The administration cited the Supreme Court’s ruling in a case that bore a striking resemblance to the one that was presented to it in Idaho at the beginning of the year. The justices took a limited decision in that case to allow the continuation of emergency abortions without interruption while a lawsuit was still being heard.

In contrast, Texas has been a vocal proponent of the injunction’s continued enforcement. Texas has argued that its circumstances are distinct from those of Idaho, as the state does have an exemption for situations that pose a significant hazard to the health of an expectant patient.

According to the state, the discrepancy is the result of this exemption. The state of Idaho had a provision that safeguarded a woman’s life when the issue was first broached; however, it did not include protection for her health.

Certified medical practitioners are not obligated to wait until a woman’s life is in imminent peril before they are legally permitted to perform an abortion, as determined by the state supreme court.

The state of Texas highlighted this to the Supreme Court.

Nevertheless, medical professionals have criticized the Texas statute as being perilously ambiguous, and a medical board has declined to provide a list of all the disorders that are eligible for an exception. Furthermore, the statute has been criticized for its hazardous ambiguity.

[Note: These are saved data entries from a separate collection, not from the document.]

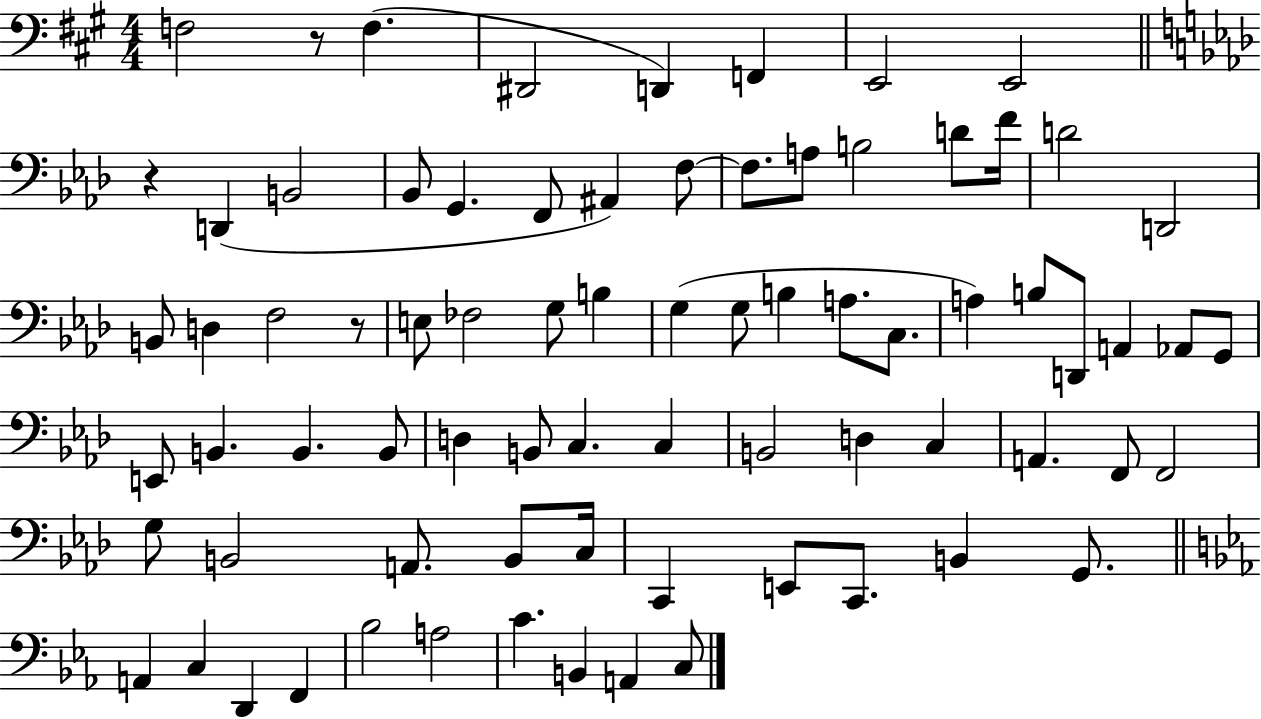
X:1
T:Untitled
M:4/4
L:1/4
K:A
F,2 z/2 F, ^D,,2 D,, F,, E,,2 E,,2 z D,, B,,2 _B,,/2 G,, F,,/2 ^A,, F,/2 F,/2 A,/2 B,2 D/2 F/4 D2 D,,2 B,,/2 D, F,2 z/2 E,/2 _F,2 G,/2 B, G, G,/2 B, A,/2 C,/2 A, B,/2 D,,/2 A,, _A,,/2 G,,/2 E,,/2 B,, B,, B,,/2 D, B,,/2 C, C, B,,2 D, C, A,, F,,/2 F,,2 G,/2 B,,2 A,,/2 B,,/2 C,/4 C,, E,,/2 C,,/2 B,, G,,/2 A,, C, D,, F,, _B,2 A,2 C B,, A,, C,/2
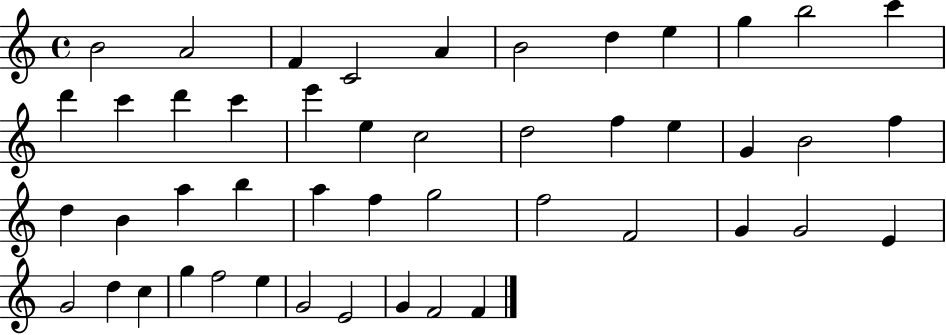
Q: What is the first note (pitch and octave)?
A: B4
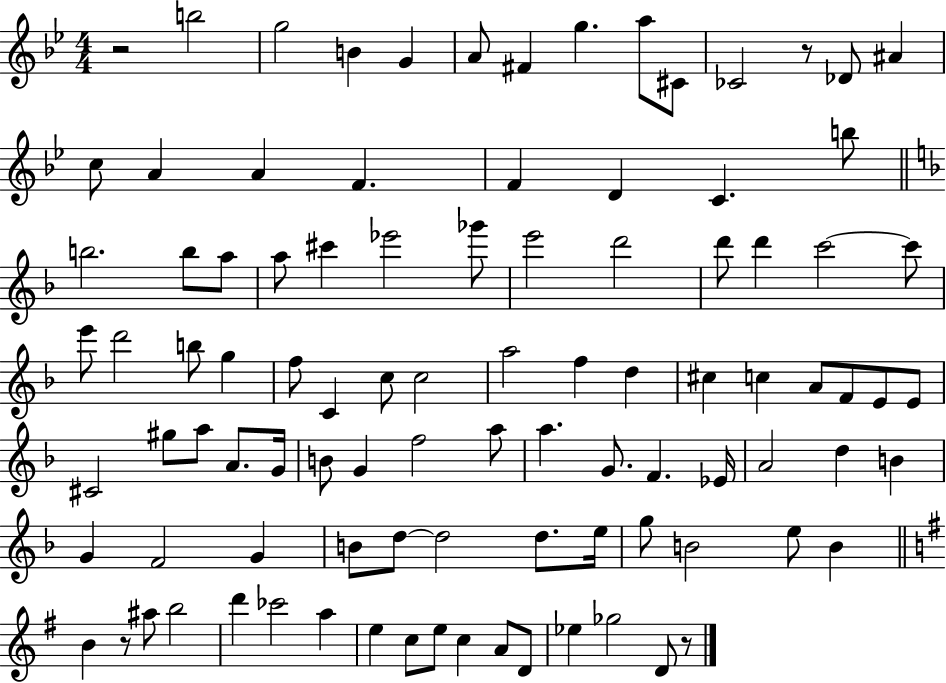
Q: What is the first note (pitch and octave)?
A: B5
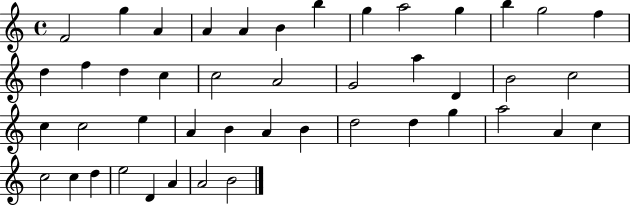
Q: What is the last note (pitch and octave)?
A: B4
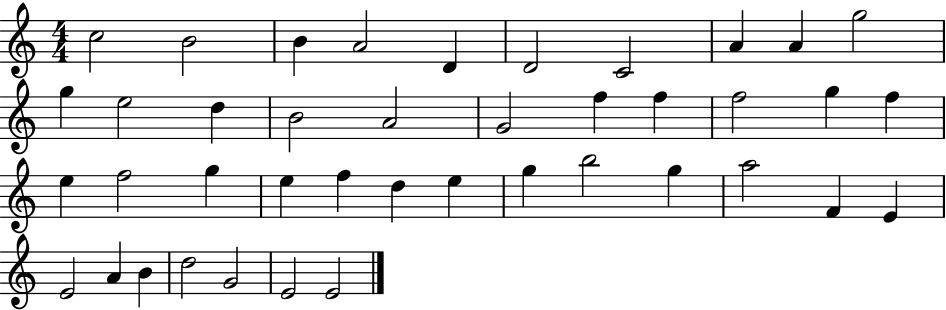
X:1
T:Untitled
M:4/4
L:1/4
K:C
c2 B2 B A2 D D2 C2 A A g2 g e2 d B2 A2 G2 f f f2 g f e f2 g e f d e g b2 g a2 F E E2 A B d2 G2 E2 E2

For an extended period, termination of pregnancies has been a standard procedure in medical treatment for individuals who have been experiencing significant issues. It is implemented in this manner to prevent catastrophic outcomes, such as sepsis, organ failure, and other severe scenarios.

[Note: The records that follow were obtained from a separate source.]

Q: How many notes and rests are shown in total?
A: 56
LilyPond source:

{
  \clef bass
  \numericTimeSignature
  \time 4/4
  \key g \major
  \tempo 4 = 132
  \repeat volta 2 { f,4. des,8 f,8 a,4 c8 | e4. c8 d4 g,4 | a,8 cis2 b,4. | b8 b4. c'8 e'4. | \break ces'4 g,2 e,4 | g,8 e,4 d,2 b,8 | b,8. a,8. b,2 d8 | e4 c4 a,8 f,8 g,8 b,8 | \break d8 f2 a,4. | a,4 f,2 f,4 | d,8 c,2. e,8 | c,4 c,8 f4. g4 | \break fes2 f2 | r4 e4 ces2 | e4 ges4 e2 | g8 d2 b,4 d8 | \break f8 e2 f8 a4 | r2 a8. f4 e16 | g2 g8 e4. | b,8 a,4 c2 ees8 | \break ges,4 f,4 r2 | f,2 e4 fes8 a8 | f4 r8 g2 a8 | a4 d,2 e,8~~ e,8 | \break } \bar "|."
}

Nevertheless, medical professionals and hospitals in Texas and other states with strict abortion laws have noted that it is uncertain whether or not these terminations could be in violation of abortion prohibitions that include the possibility of a prison sentence. This is the case in regions where abortion prohibitions are exceedingly restrictive.

Following the Supreme Court’s decision to overturn Roe v. Wade, which resulted in restrictions on the rights of women to have abortions in several Republican-ruled states, the Texas case was revisited in 2022.

As per the orders that were disclosed by the administration of Vice President Joe Biden, hospitals are still required to provide abortions in cases that are classified as dire emergency.

As stipulated in a piece of health care legislation, the majority of hospitals are obligated to provide medical assistance to patients who are experiencing medical distress. This is in accordance with the law.

The state of Texas maintained that hospitals should not be obligated to provide abortions throughout the litigation, as doing so would violate the state’s constitutional prohibition on abortions. In its January judgment, the 5th United States Circuit Court of Appeals concurred with the state and acknowledged that the administration had exceeded its authority.